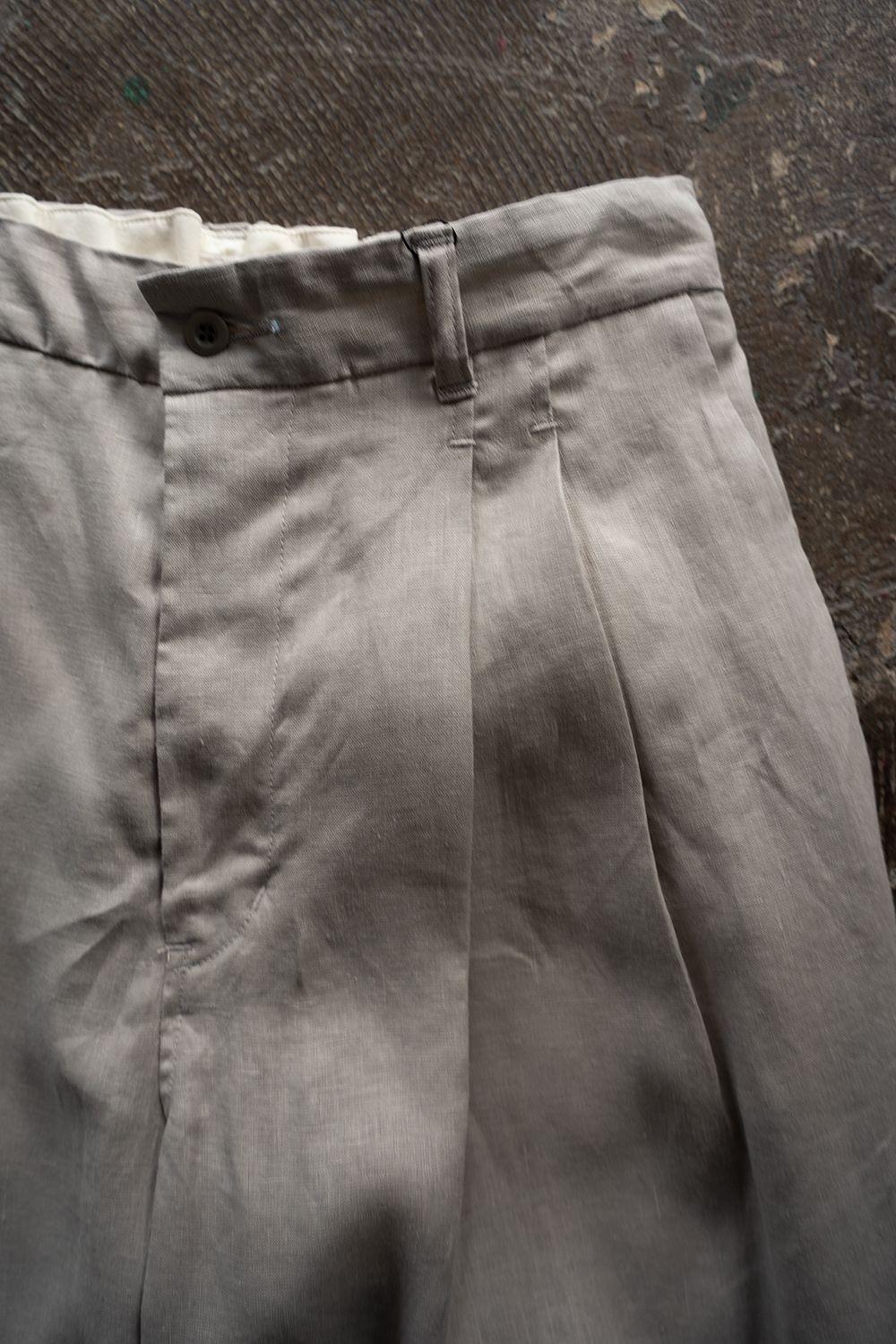 【26SS】リネン2タックテーパードパンツ(TAUPE)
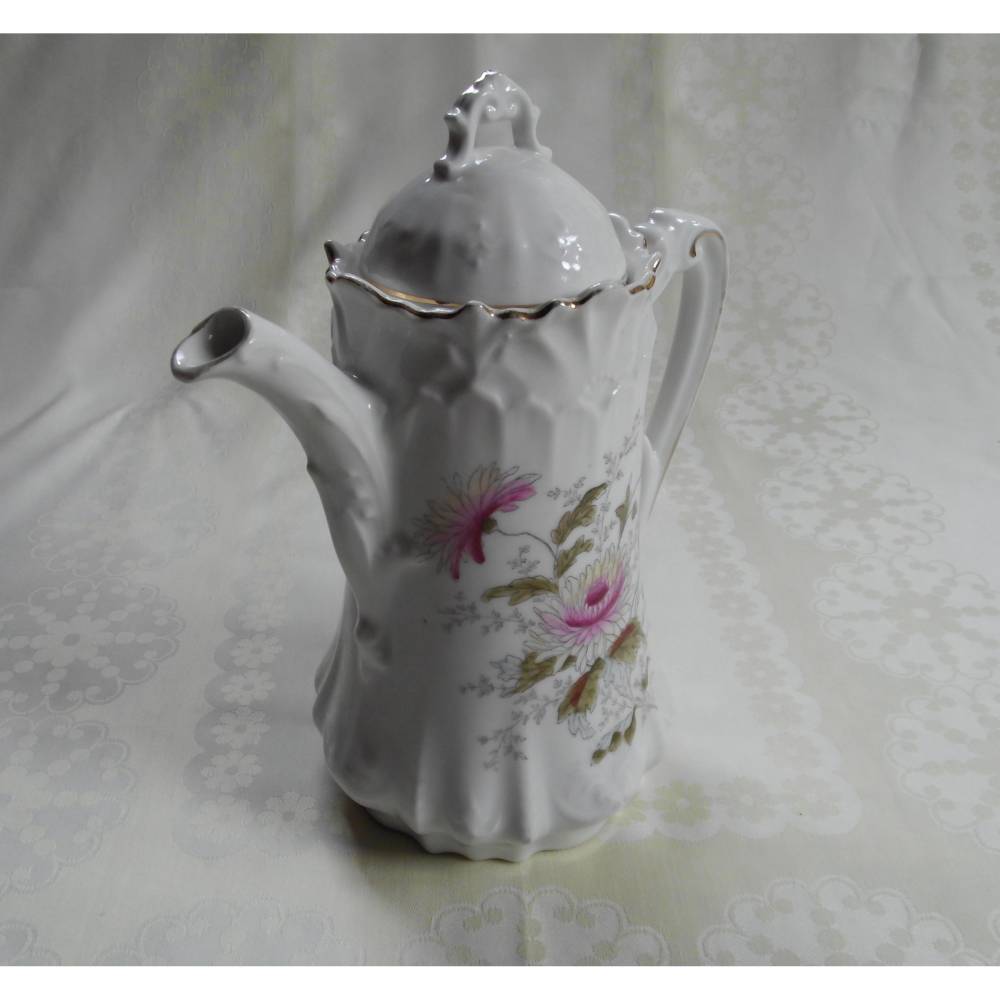 Vintage große Kaffeekanne aus weißem Porzellan mit Blumenmuster plus zwei Tassen vermutlich 1960er Jahre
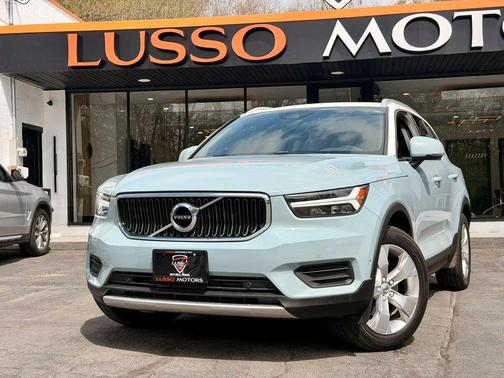 Blue 2019 Volvo XC40 T5 Momentum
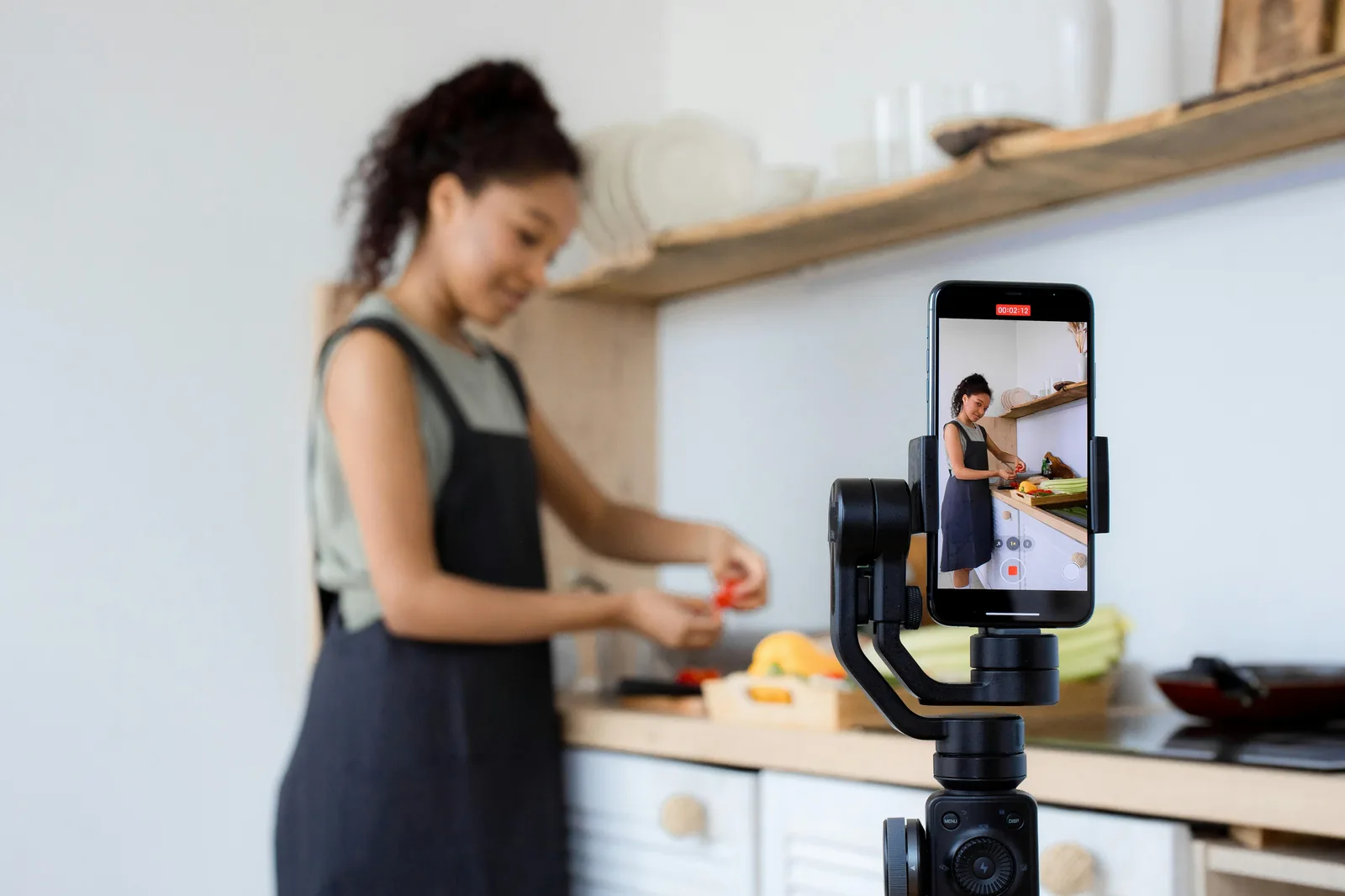 Sự thật ít ai biết: nghề food blogger không chỉ là ăn và chụp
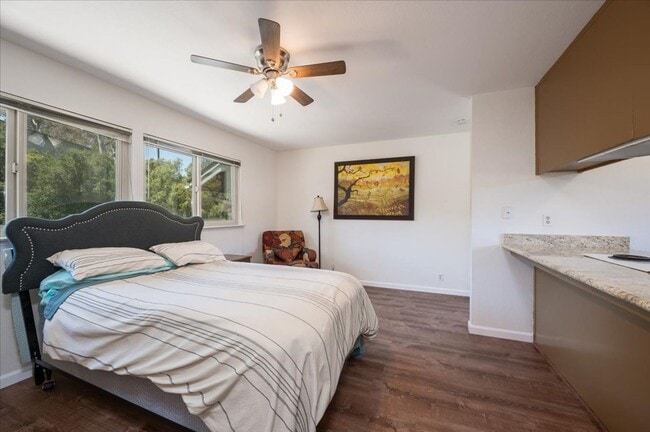 Building Photo - Charming Furnished Studio Rental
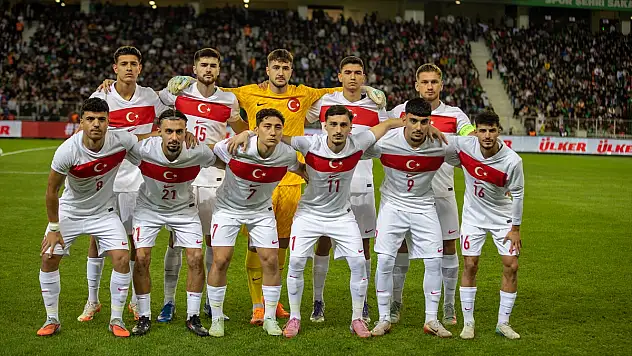 Ümit Milliler Litvanya'yı mağlup etti! Konyasporlu Deniz forma giydi!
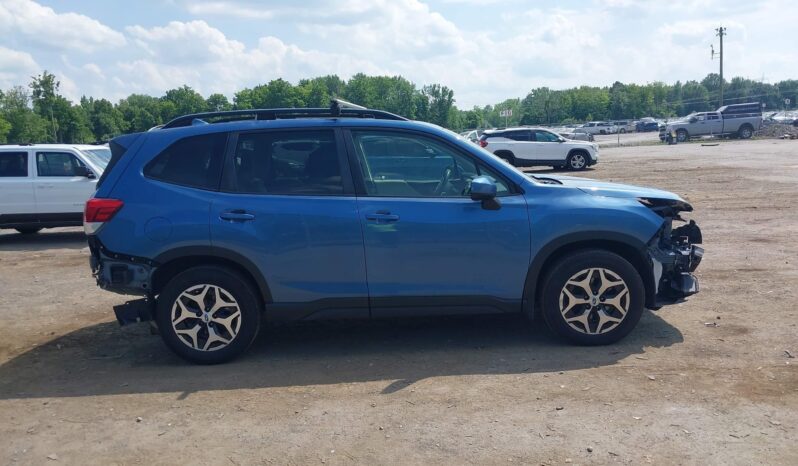 
								Subaru Forester full									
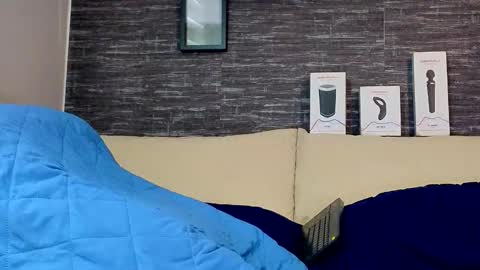  R U S S E L L  online show from 26, 2, 2025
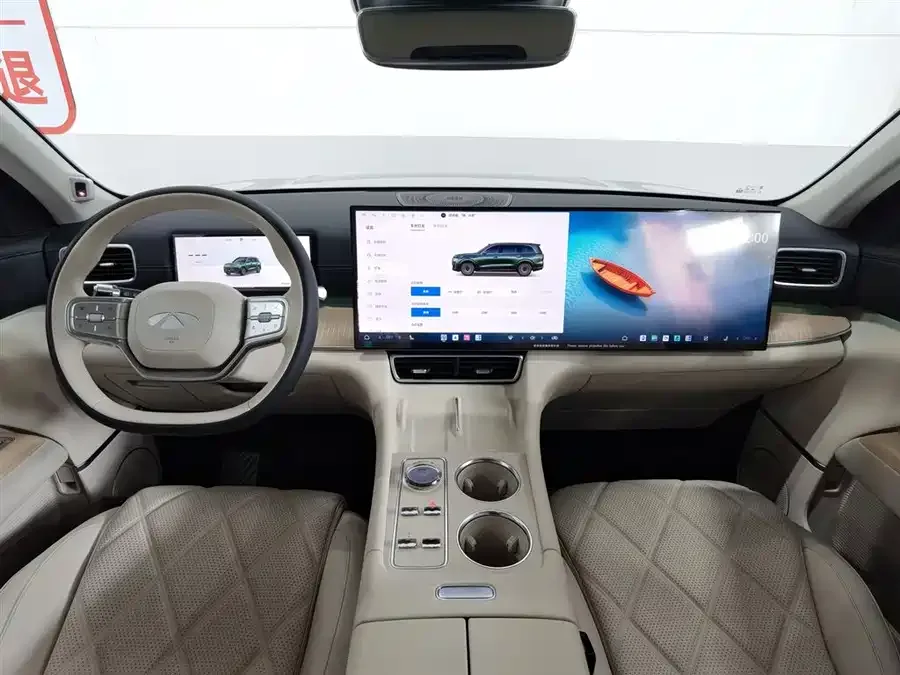 Chery Fengyun Fengyun T11 Fengyun T11 2026 Model 220 4WD Family Fun 2026 — миниатюра 2
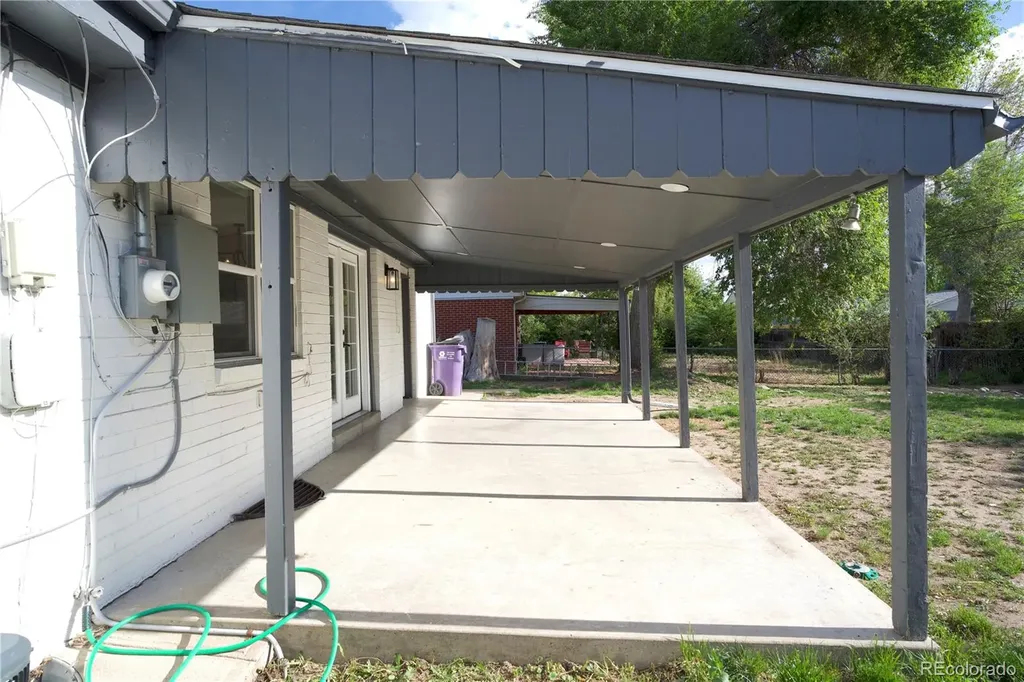 647 S Jasmine Way Denver CO 80224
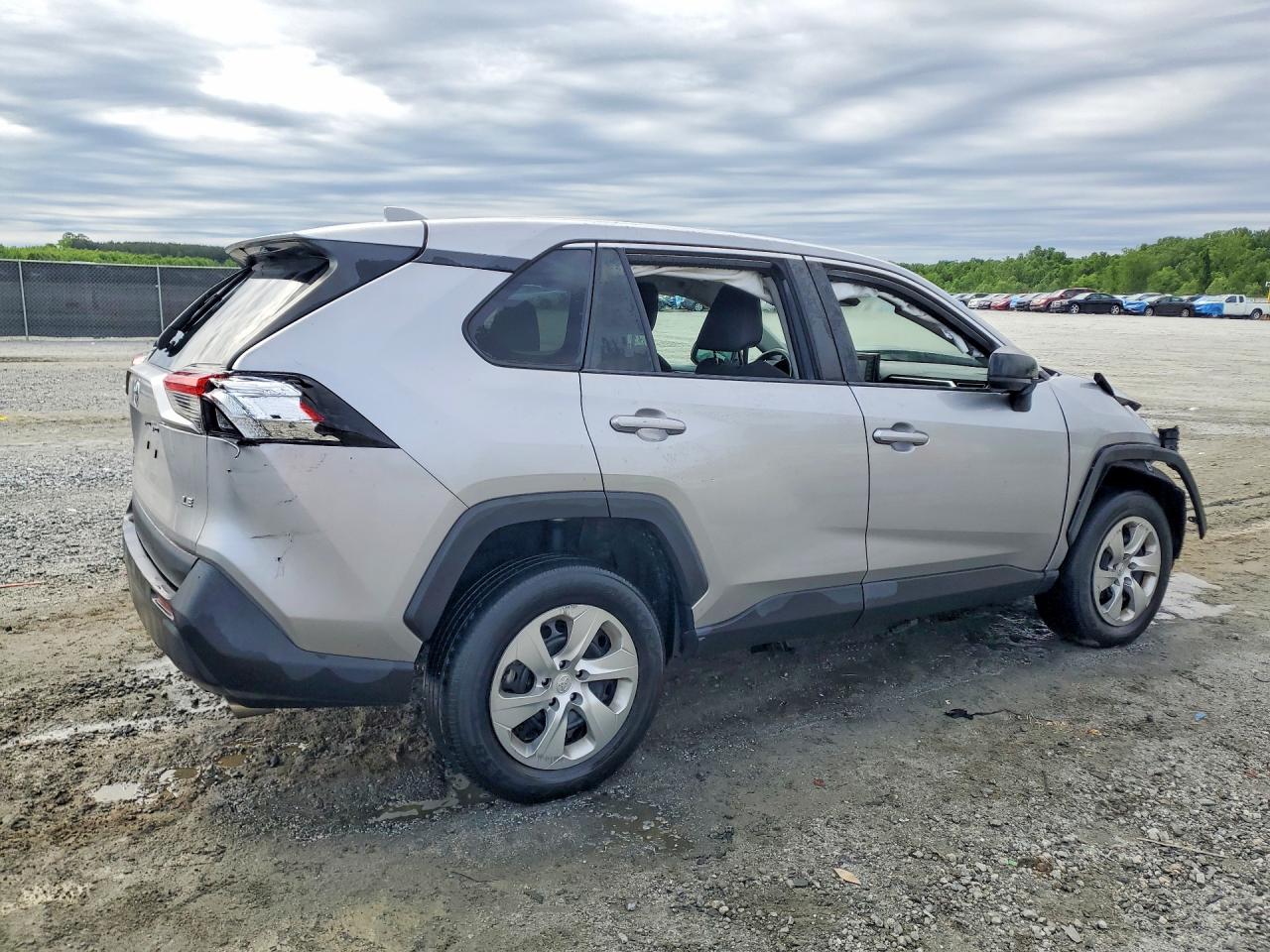 2022 Toyota Rav4 Le Silver vin: 2T3H1RFV8NC209028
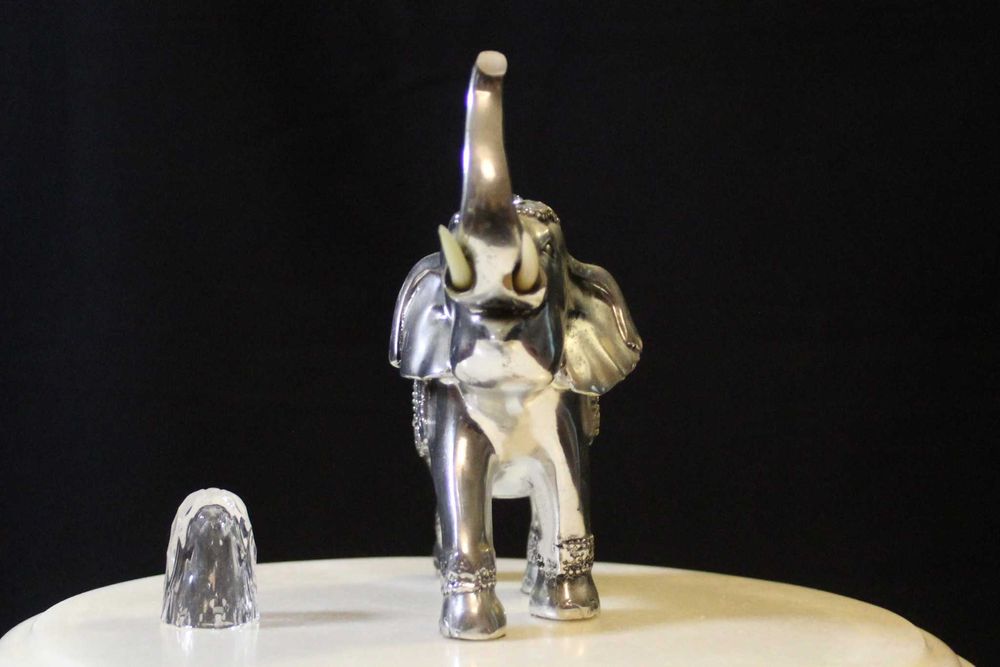 Elefante vintage indiano, prateado com incrustações de madrepérola .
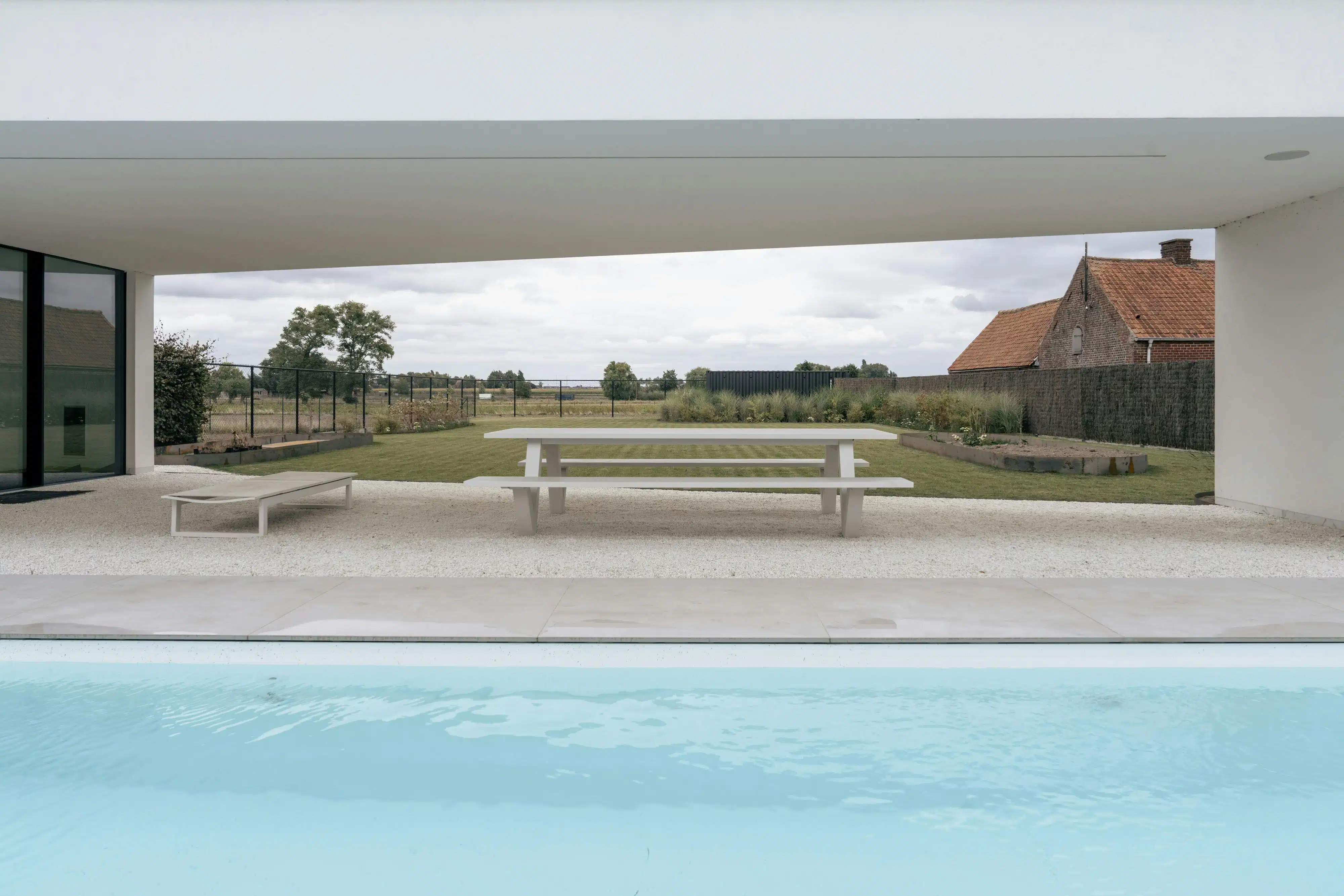 Hypermoderne strakke villa met zwembad in Gits foto 40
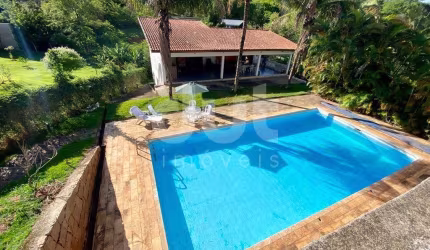 Chácara / sítio com 6 quartos à venda na Avenida Um, 301, Loteamento Residencial Ana Carolina, Valinhos, 290 m2 por R$ 1.458.000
--------------------------------------------------
▸ **How to complete this task**: When you transcribe the entries above, begin at their first line, end with the line containing "Building Photo - Charming", and copy each line exactly without any picture.

▸ **Task result**:
 【26SS】リネン2タックテーパードパンツ(TAUPE)
 Vintage große Kaffeekanne aus weißem Porzellan mit Blumenmuster plus zwei Tassen vermutlich 1960er Jahre
 Blue 2019 Volvo XC40 T5 Momentum
 Sự thật ít ai biết: nghề food blogger không chỉ là ăn và chụp
 Building Photo - Charming Furnished Studio Rental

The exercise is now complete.